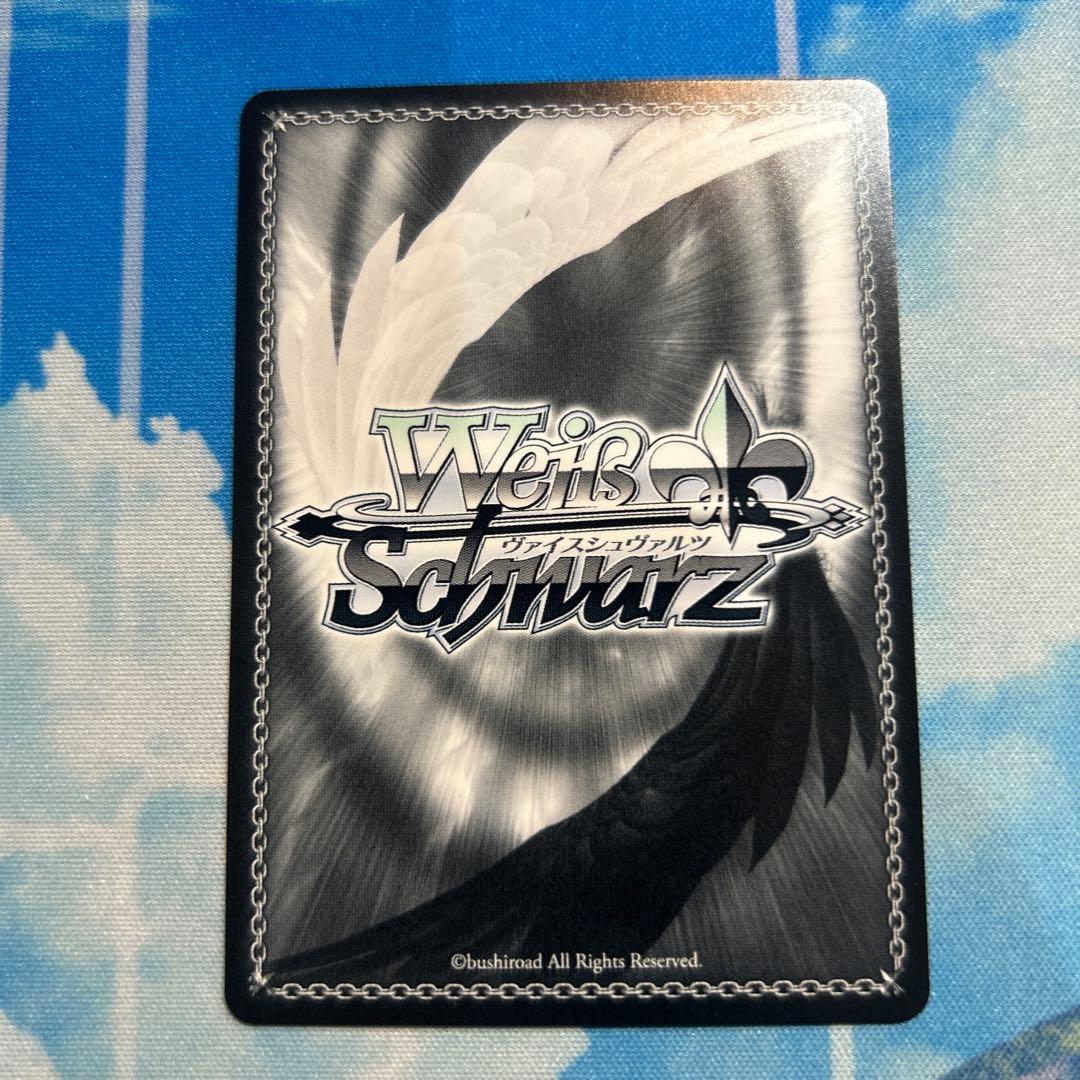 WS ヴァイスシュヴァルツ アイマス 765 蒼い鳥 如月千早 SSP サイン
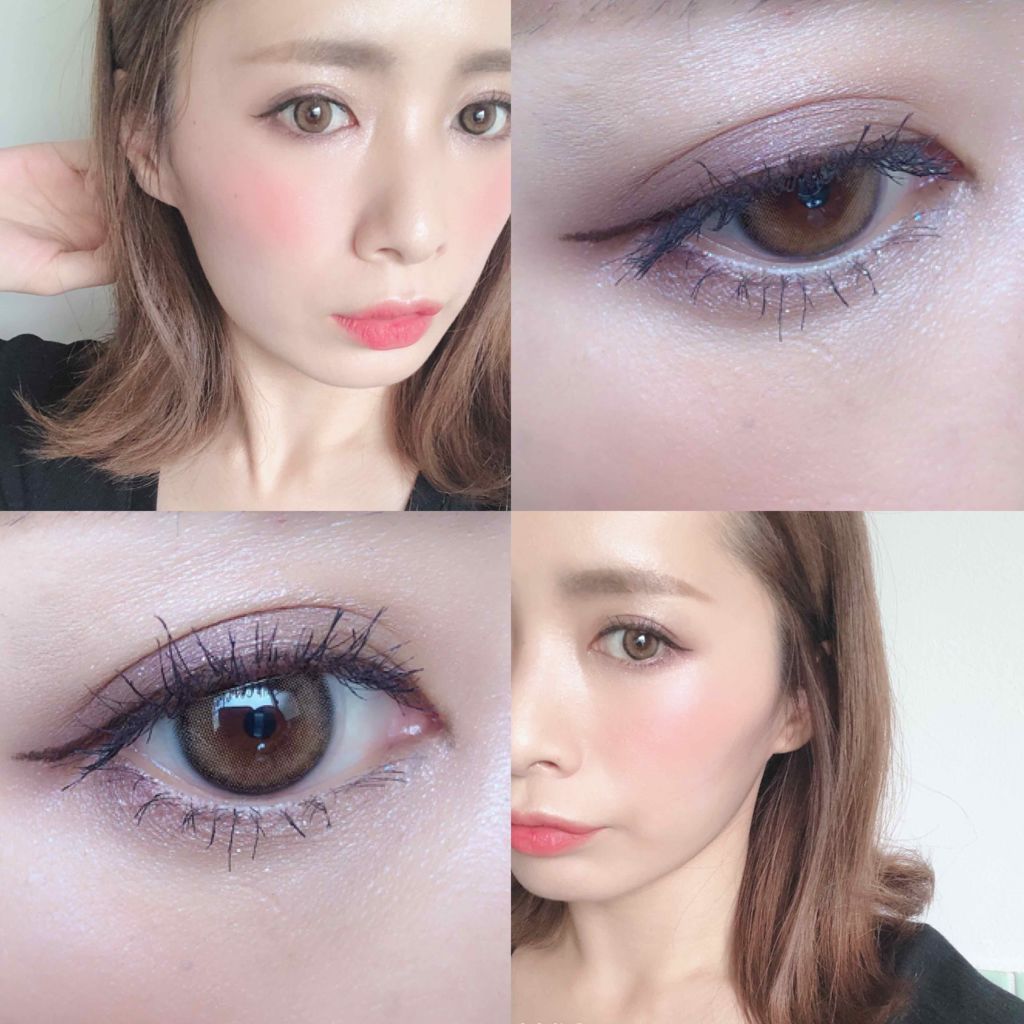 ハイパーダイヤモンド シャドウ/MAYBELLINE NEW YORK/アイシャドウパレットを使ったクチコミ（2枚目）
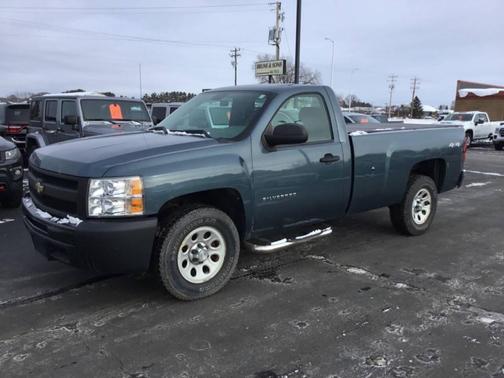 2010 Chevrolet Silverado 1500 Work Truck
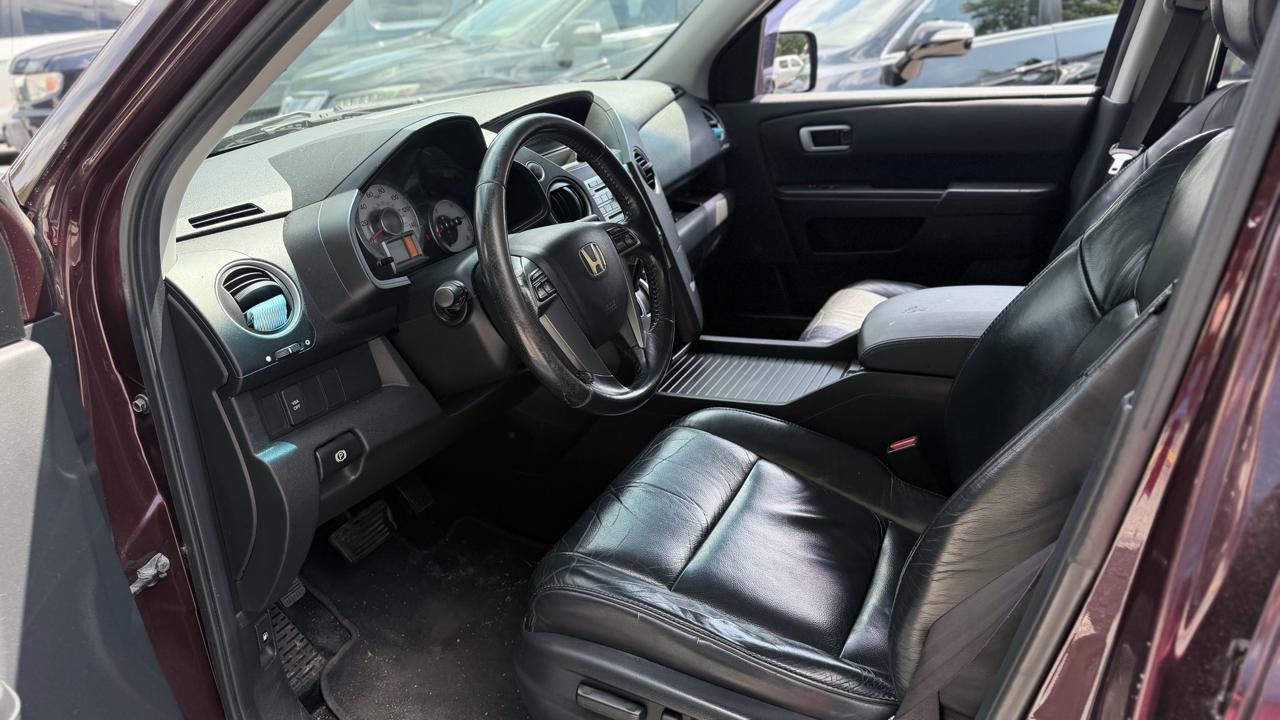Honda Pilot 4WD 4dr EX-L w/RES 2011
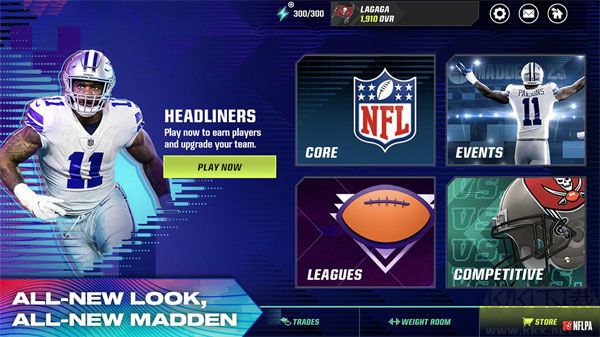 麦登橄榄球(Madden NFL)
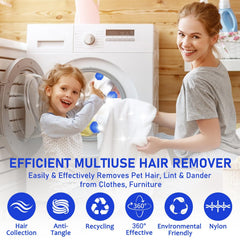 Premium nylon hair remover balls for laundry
--------------------------------
# WHAT THIS TASK INVOLVES
Omit all images when repeating the data above exactly.

# ANSWER TO THIS PROBLEM
 WS ヴァイスシュヴァルツ アイマス 765 蒼い鳥 如月千早 SSP サイン
 ハイパーダイヤモンド シャドウ/MAYBELLINE NEW YORK/アイシャドウパレットを使ったクチコミ（2枚目）
 2010 Chevrolet Silverado 1500 Work Truck
Honda Pilot 4WD 4dr EX-L w/RES 2011
 麦登橄榄球(Madden NFL)
 Premium nylon hair remover balls for laundry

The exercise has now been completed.